Jean Dupuy

Jean Dupuy (48), un catalyseur de talents au service de la SNCF et du pays

Dossier : TrajectoiresMagazine N°769 Novembre 2021
Par Jean-Marie METZLER (62)

La SNCF doit à Jean Dupuy, décédé le 3 juil­let 2021, les évo­lu­tions majeures que furent l’adaptation de l’outil indus­triel SNCF à la révo­lu­tion tech­nique, résol­u­ment au ser­vice de l’homme, et la nais­sance, puis le développe­ment du TGV.

Fils d’un agent d’encadrement à la Man­u­fac­ture d’armes de Tulle, Jean Dupuy naît le 23 sep­tem­bre 1927. Après l’X et le corps des Mines, et un pre­mier poste à Saint-Éti­enne, il rejoint la SNCF en décem­bre 1956 au ser­vice matériel et trac­tion, et non à l’exploitation réputée la « voie royale ». Ses racines cor­rézi­ennes lui ont don­né le pro­fond respect du tra­vail bien fait : il passe, dit-on, le CAP de tourneur par souci d’une com­préhen­sion con­crète des hommes et des choses.

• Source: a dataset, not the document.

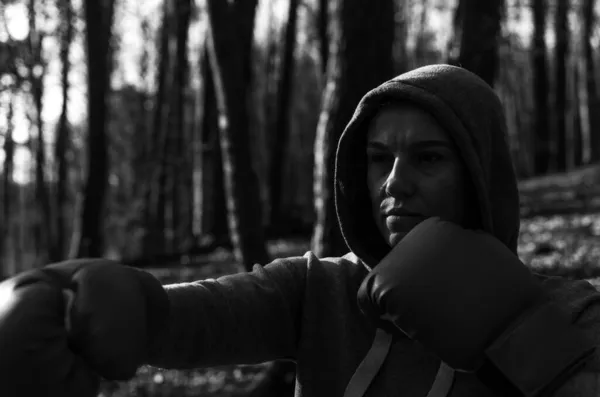身着运动服头戴红色拳击手套头罩的年轻漂亮女子拳击手在大自然的森林里训练 — 图库照片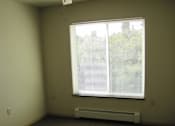 Thumbnail 10 of 18 - A room with a ceiling fan and a window with blinds.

Sa car­rière sera rapi­de : ate­lier du matériel d’Oullins ; arrondisse­ment matériel et trac­tion à Metz (expéri­ence du man­age­ment des con­duc­teurs de train) ; ate­lier du matériel de Bis­chheim ensuite. À Paris en 1962, chef du départe­ment de l’entretien du matériel moteur, en 1965 chef du ser­vice matériel et trac­tion de la région Sud-Ouest, en 1967 directeur adjoint matériel et trac­tion puis directeur en 1971.

Un management participatif 

Jean Dupuy achève la recon­fig­u­ra­tion de la main­te­nance du matériel roulant. Les pre­scrip­tions de main­te­nance sont for­mal­isées de manière par­tic­i­pa­tive, appuyées délibéré­ment sur l’expérience du ter­rain, l’état réel des organes à main­tenir. Les dirigeants locaux struc­turent leurs étab­lisse­ments par dis­ci­pline tech­nique et équipes spé­cial­isées. Le per­son­nel est for­mé inten­sive­ment aux tech­niques nou­velles ce qui per­met une ascen­sion interne qual­i­fi­ante qui fourni­ra au matériel une bonne par­tie de ses cadres. 

Jean Dupuy arrête en févri­er 1974 l’architecture du matériel TGV, rame indé­formable, artic­ulée, et con­va­inc les pou­voirs publics de choisir la trac­tion élec­trique plutôt que les tur­bines gour­man­des en énergie fos­sile. En novem­bre 1974, directeur général adjoint de la SNCF, à ce titre il prend en charge l’ensemble du pro­jet « TGV », le mène mag­nifique­ment à bien. La ligne Paris-Lyon ouvre en octo­bre 1981 et con­naît un suc­cès foudroy­ant. Il suc­cède en décem­bre 1985 au directeur général, Paul Gentil.

Une période difficile

La réno­va­tion de l’entreprise à laque­lle il avait pris une part con­sid­érable (TGV, pro­duc­tiv­ité du fret, mod­erni­sa­tion des struc­tures…) va entr­er dans une péri­ode très dif­fi­cile. Les cat­a­stro­phes fer­rovi­aires de 1985 (Flau­jac, Argen­ton-sur-Creuse, Saint-Pierre-du-Vau­vray) causent le départ du prési­dent de la SNCF. Jean Dupuy fait revalid­er par l’encadrement les apti­tudes des con­duc­teurs de train, ce qui amène un dur con­flit social, mais aboutit cepen­dant à un renou­veau de la for­ma­tion des con­duc­teurs (intro­duc­tion de sim­u­la­teurs de con­duite…) et à l’amélioration de leurs con­di­tions de tra­vail (insonori­sa­tion des cab­ines de con­duite, mod­erni­sa­tion des lieux de repos…). 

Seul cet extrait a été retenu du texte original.